▶ SOURCE DATA:
++++
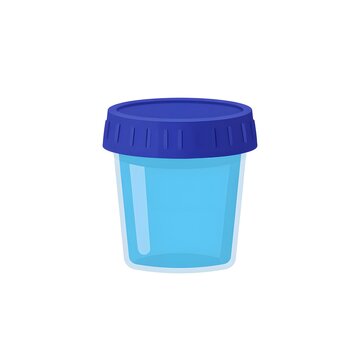 A small plastic medical specimen container with a blue screw cap lid.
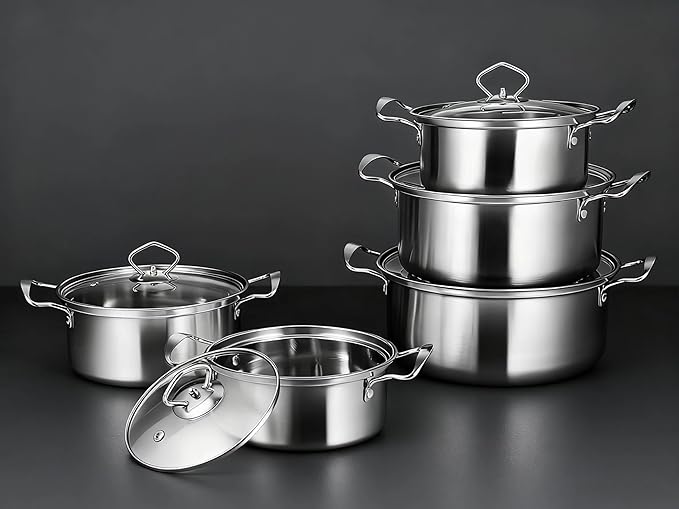 Stainless steel cookware set non stick pan set skillet stew pot Home Kitchen Item For party Festival Gift Item 15 Piece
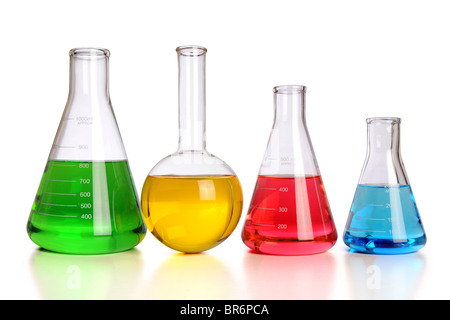 Laboratory glassware with reflections on table isolated over white background - With Clipping Path Stock Photo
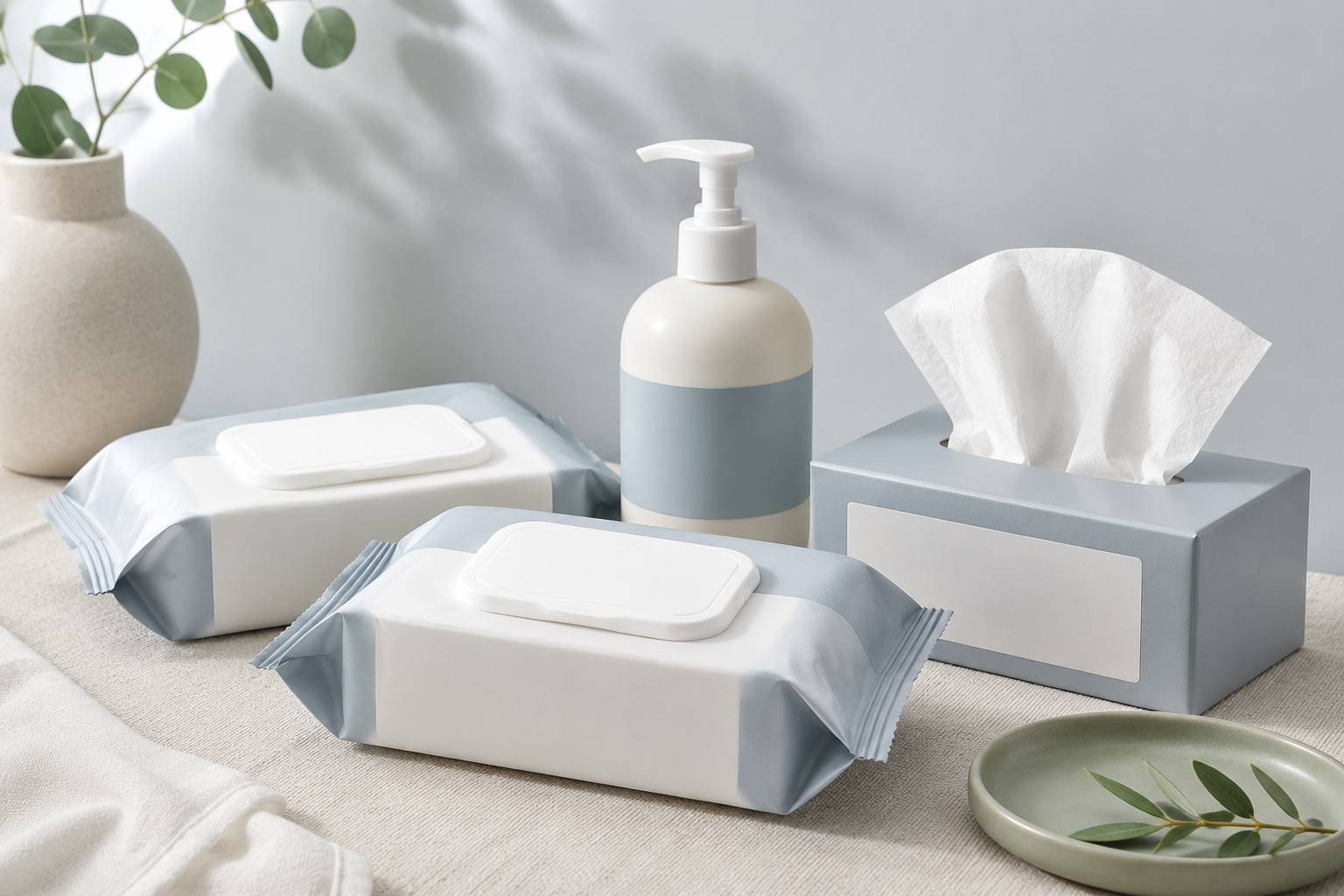 Family Care Kit — Wet wipes (x2), Gentle hand soap, Facial tissue (x3)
++++
▶ WHAT YOU WILL DO: An exact copy of the lines from the line containing "Laboratory glassware with" through the final line of the listing, without pictures, is the expected result.

▶ COMPLETED TASK:
 Laboratory glassware with reflections on table isolated over white background - With Clipping Path Stock Photo
 Family Care Kit — Wet wipes (x2), Gentle hand soap, Facial tissue (x3)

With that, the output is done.